The conference took place on 19 October, organized by the working group on social justice and employment within the framework of the ‘Mesopotamian Youth’ project funded by the European Union. The conference was attended by more than 70 representatives representing the Iraqi Council of Representatives “Labor and Social Affairs Committee”, the Ministry of Labor and Social Affairs, the Ministry of Planning, Trade and Labor Unions, the Iraqi Industries Federation and number of lawmakers and academics interested in issues of social protections. There was general consensus on opposition to the draft law by most of trade unions, civil society organizations and the Iraqi Industries Federation, and most of the reasons for this joint opposition reflected the views already voiced by the various parties on several earlier occasions. Delegates and representatives from the Iraqi Industries Federation, trade unions and civil society organizations challenged the draft law directly by citing contradictions and ambiguities in some of its articles, as well as its explicit lack of social guarantees.
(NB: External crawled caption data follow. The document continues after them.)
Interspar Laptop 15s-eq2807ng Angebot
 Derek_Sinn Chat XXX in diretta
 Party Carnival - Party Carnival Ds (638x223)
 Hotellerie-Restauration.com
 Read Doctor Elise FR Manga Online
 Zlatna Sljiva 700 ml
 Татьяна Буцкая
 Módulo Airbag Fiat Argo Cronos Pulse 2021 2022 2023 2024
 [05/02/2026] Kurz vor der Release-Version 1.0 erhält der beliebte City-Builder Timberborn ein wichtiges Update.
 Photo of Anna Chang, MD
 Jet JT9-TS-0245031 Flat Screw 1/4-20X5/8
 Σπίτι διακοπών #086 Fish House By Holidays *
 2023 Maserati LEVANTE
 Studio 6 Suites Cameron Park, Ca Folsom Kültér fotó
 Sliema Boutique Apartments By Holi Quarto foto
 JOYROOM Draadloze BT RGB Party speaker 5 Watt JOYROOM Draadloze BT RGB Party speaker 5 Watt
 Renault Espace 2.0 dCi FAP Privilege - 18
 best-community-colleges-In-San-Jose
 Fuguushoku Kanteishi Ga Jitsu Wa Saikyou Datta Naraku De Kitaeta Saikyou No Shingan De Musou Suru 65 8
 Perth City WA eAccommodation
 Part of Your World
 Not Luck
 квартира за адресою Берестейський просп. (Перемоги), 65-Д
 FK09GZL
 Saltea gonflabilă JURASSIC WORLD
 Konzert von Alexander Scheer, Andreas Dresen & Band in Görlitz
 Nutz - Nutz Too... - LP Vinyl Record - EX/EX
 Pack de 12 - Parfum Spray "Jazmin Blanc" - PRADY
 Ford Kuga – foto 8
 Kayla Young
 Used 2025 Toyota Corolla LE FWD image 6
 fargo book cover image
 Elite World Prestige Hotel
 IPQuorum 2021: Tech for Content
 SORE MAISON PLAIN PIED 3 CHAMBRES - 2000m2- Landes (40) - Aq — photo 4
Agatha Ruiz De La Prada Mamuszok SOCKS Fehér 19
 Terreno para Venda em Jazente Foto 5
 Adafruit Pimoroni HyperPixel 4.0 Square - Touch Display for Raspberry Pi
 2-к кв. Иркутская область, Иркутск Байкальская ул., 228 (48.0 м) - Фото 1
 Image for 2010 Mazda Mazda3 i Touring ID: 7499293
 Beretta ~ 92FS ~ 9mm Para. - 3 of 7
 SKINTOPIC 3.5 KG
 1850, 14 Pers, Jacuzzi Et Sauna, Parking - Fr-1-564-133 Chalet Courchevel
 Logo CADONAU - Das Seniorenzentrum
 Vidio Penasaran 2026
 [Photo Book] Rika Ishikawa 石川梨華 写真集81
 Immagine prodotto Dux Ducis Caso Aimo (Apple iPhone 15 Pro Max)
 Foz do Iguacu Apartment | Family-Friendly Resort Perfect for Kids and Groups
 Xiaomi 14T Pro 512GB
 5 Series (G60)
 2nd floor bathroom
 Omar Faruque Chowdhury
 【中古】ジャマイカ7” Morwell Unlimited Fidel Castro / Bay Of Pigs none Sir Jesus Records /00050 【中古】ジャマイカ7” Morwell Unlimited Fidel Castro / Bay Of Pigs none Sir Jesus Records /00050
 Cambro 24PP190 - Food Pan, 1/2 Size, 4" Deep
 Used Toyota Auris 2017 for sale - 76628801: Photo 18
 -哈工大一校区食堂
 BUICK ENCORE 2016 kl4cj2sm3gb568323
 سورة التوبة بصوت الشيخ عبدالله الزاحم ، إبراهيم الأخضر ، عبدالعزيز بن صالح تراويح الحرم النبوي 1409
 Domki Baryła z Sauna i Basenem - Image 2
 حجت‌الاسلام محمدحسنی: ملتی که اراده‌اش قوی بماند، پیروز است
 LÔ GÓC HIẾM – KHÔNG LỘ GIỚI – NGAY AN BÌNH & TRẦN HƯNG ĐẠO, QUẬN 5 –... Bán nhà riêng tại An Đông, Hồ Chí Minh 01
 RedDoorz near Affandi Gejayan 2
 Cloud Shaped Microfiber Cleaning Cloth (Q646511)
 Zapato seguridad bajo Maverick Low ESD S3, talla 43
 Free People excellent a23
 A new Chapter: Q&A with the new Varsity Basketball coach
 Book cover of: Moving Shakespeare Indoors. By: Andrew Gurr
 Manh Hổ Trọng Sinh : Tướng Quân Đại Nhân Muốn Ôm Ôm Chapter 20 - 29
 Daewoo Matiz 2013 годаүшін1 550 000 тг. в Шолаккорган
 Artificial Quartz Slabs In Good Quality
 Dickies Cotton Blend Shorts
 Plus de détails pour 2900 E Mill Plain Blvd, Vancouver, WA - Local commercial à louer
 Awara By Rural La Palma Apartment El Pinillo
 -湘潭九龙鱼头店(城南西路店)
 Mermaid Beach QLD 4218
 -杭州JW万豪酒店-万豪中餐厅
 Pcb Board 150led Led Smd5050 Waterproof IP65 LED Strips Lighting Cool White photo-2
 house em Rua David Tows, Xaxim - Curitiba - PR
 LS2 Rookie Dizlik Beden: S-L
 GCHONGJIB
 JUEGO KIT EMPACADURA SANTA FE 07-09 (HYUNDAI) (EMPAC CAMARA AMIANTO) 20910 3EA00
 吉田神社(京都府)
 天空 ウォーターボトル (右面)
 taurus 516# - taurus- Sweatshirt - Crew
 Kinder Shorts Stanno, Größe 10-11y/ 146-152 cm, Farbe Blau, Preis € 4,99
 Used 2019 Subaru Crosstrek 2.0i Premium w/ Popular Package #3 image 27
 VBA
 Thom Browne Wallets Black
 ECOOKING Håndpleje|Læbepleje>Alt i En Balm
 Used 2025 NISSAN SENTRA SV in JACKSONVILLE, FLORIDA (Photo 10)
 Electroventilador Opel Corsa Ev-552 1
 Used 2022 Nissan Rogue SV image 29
Participants suggested that the draft law be presented to the International Labour Organization (ILO) for review and technical advice, and for legislative and executive bodies in Iraq to listen to views of stakeholders of the law in an open public dialogue in order for the government to ratify the draft law in accordance with the International Labor Convention No. 102 which states clearly the minimum social security benefits that should be guaranteed by the state, and which any draft law should include. The participants pointed out the importance of communicating with the media and informing the public about this critical issue that affects the lives of millions of Iraqi people.
Within the working group, Iraqi Industries Federation and Unions along with civil society organizations will gather together their conclusions about the draft law, explaining their reasons for rejecting it in detail. They will form a team dedicated to coordination between these organizations and other trade union organizations, consolidating their vision for the draft law, and meeting with legislative and executive bodies responsible for social security in Iraq.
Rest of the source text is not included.